This workshop will collaboratively investigate ethical issues that emerge in the fieldwork processes of early-career researchers (ECRs). We will together envision a collective ethics that addresses the precarity that we live and work in as ECRs.

Long Abstract:

This online workshop is meant to offer an opportunity to investigate ethical quandaries that emerge in the complex processes of ethnographic data production, with a particular focus on fieldwork experiences of early-career researchers (ECRs). Many ECRs encounter challenges stemming from academic methodologies prescribed by institutions, which may deviate from real-life experiences. Furthermore, we face increasingly precarious living and working situations, with less funding (or none at all) and more pressures on our time.
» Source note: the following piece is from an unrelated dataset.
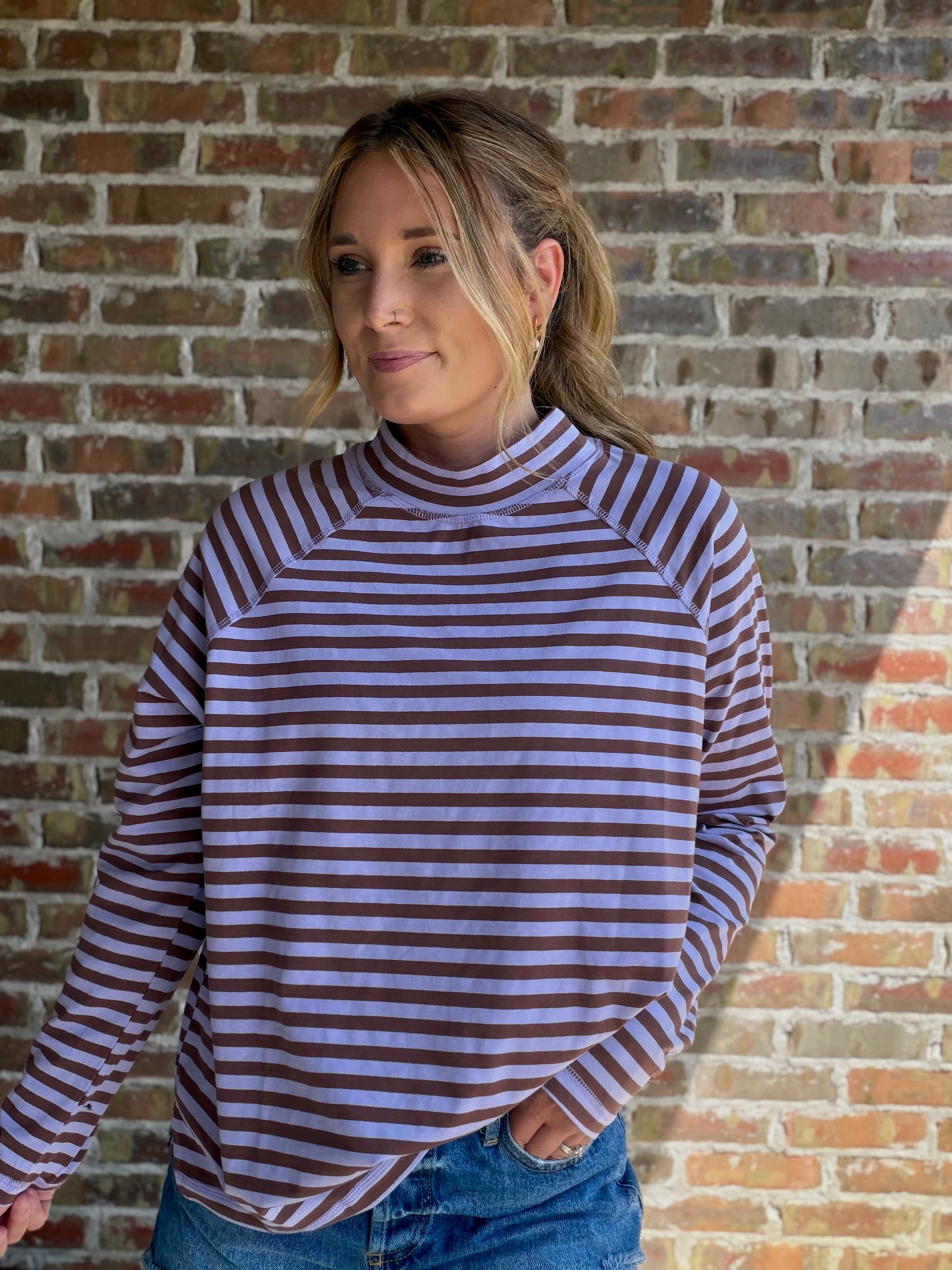 Brown Sugar Mock Neck Top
Given these constraints, how can we ensure safety and wellness for all of our research participants? The convenors posit that when confronting epistemically and materially suffocating treatment from research institutions, which create environments of competition and un-wellness, the response must be collective and based in praxis.

The workshop will begin with the convenors’ sharing of perspectives and examples from their respective research backgrounds (Camille from educational ethnography and working with children, Selin from punk scholarship and its methodologies) by a brief presentation of extracts from their field notes and personal practices in the field. Then the convenors will open the space so that participants can voice their encounters from the field that illustrate the problem of precarity and ethics. We will discuss these shared experiences and conclude with a collaborative Padlet that puts together our ideas and proposed ethical practices. We hope that the result of this gathering will be a collective ethic that not only prioritizes knowledge production but also wellness and joy for all (human and non-human) actors involved in our research processes.